Doi : 10.1016/j.jhin.2011.10.008 
F. Kong a, b, , D. Cook c, D.L. Paterson b, d, M. Whitby d, A.C.A. Clements a
a School of Population Health, University of Queensland, Queensland, Australia 
b Centre for Healthcare Related Infection Surveillance and Prevention, Queensland Health, Queensland, Australia 
c Intensive Care Unit, Princess Alexandra Hospital, Queensland, Australia 
d University of Queensland Centre for Clinical Research, Queensland, Australia 

Corresponding author. Address: Level 2, Public Health Building, School of Population Health, University of Queensland, Herston Road, Herston, QLD 4006, Australia. Tel.: +61 7 3365 5345; Fax: +61 7 3365 5442.

by J.A. Child

Summary

Background

Staffing deficits and workload have may a bearing on transmission of meticillin-resistant Staphylococcus aureus (MRSA) within intensive care units (ICUs). New MRSA acquistions may provide a clearer picture of the relationship between MRSA acquisition and staffing in the ICU setting.

Aim

To determine whether staffing and bed occupancy rates had an immediate or delayed impact on the number of new MRSA acquisitions in a well-staffed ICU, and whether these variables could be used as predictors of future MRSA acquisitions.

Methods

Data on new MRSA acquisitions in the ICU of a 796-bed metropolitan Australian hospital between January 2003 and December 2006 were used to build a model to predict the probabilility of actual new MRSA acquisitions in 2007. Cross validation was performed using receiver operator characteristic analysis.

Findings

Sixty-one new MRSA acquisitions (21 infections, 40 colonizations) were identified in 51 individual weeks over the study period.
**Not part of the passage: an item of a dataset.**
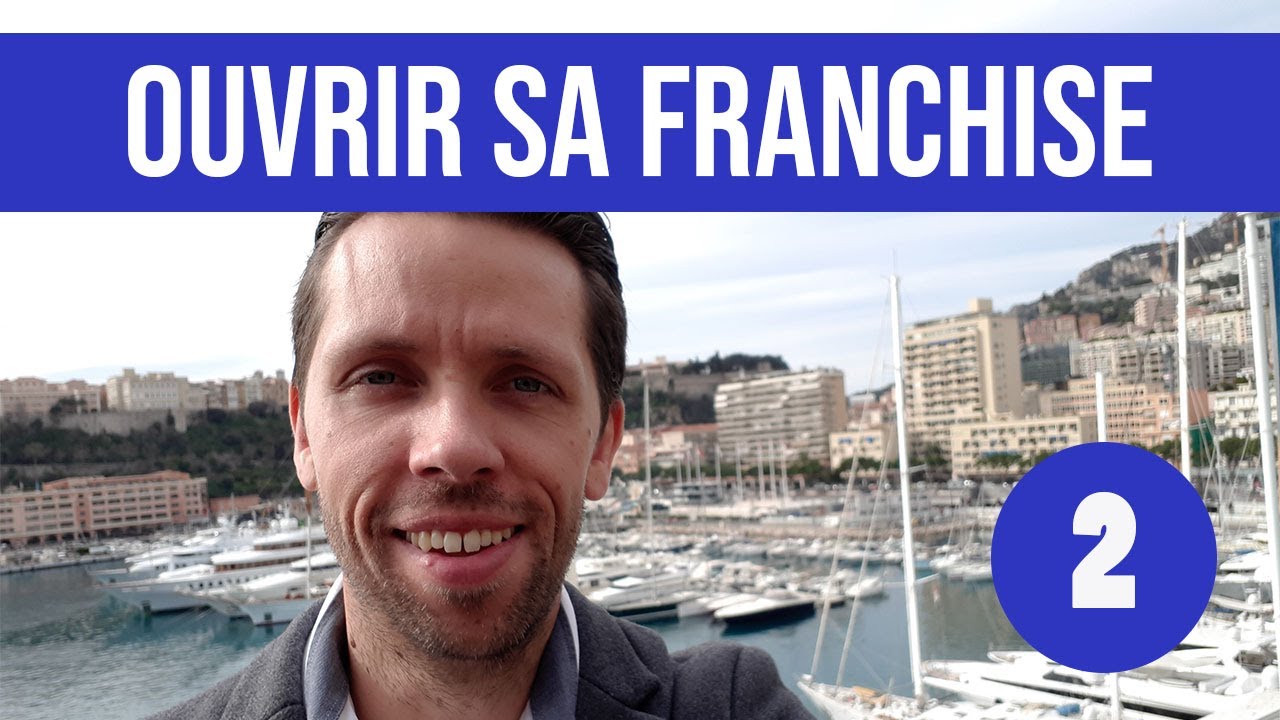 Ouvrir Sa Franchise - Episode 2 - Trouver le secteur d'activité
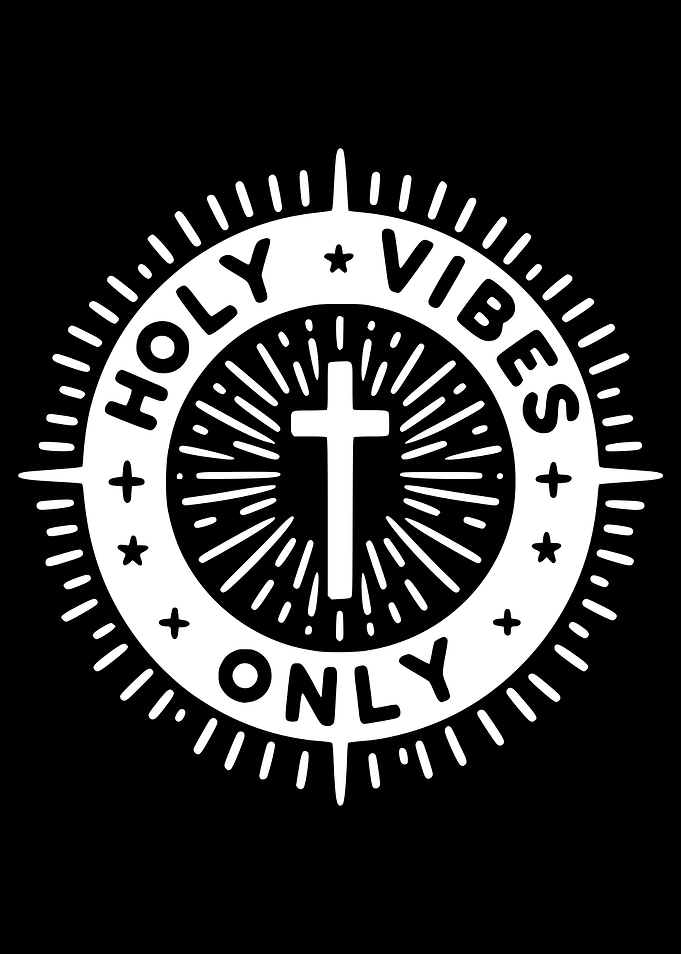Holy Vibes Only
The number of non-permanent staffing hours was relatively small. The area under the curve in the cross-validation analysis was 0.46 [95% CI 0.25–0.67] which suggests that the model, built on data from 2003–2006, was not able to predict weeks in which new MRSA acquisitions occurred in 2007.

Conclusion

The risks posed by high workloads may have been mitigated by good compliance with infection control measures, nurse training and adequate staffing ratios in the ICU. Consequently, staffing policies and the infection control practices in the ICU do not need to be modified to address the rate of new MRSA acquisitions.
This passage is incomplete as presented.